TASK TO CARRY OUT —
All of the listing should be returned as written, apart from any picture in it.

RAW DATA —
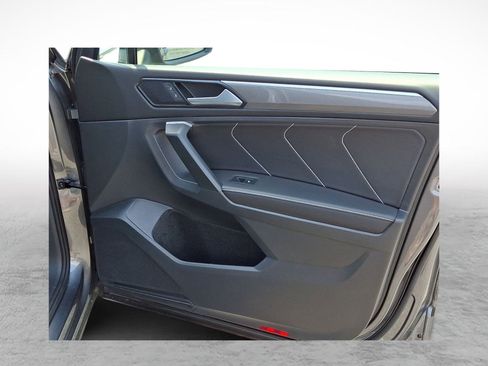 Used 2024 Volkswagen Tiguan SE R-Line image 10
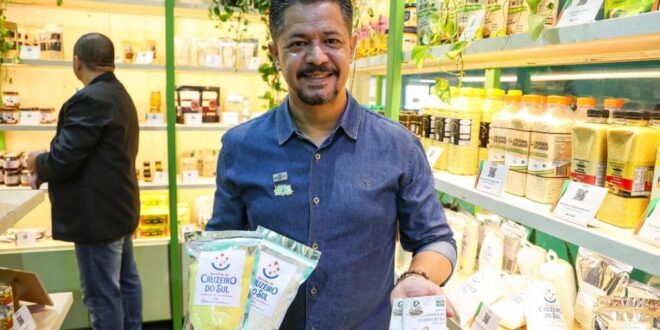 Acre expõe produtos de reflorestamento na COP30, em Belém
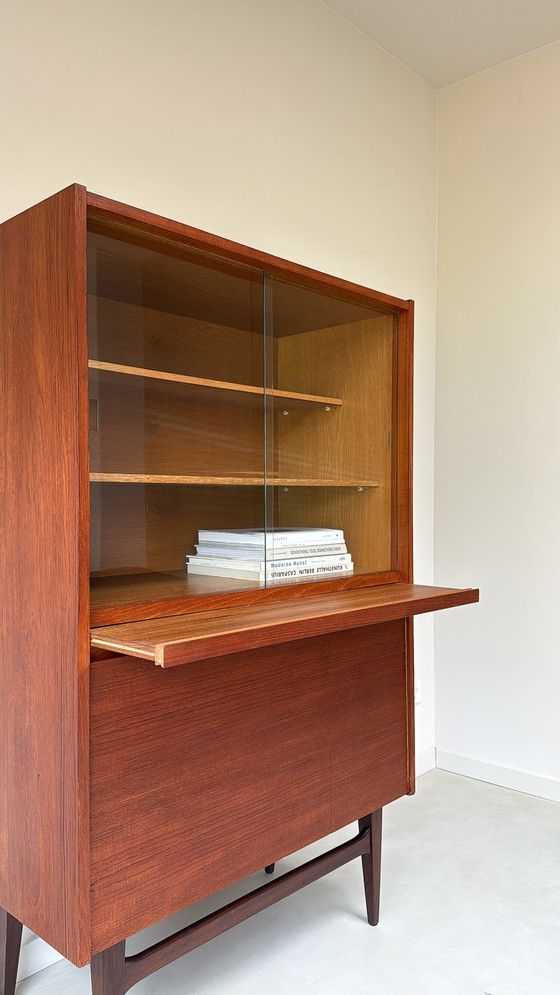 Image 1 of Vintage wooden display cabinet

EXERCISE OUTPUT —
 Used 2024 Volkswagen Tiguan SE R-Line image 10
 Acre expõe produtos de reflorestamento na COP30, em Belém
 Image 1 of Vintage wooden display cabinet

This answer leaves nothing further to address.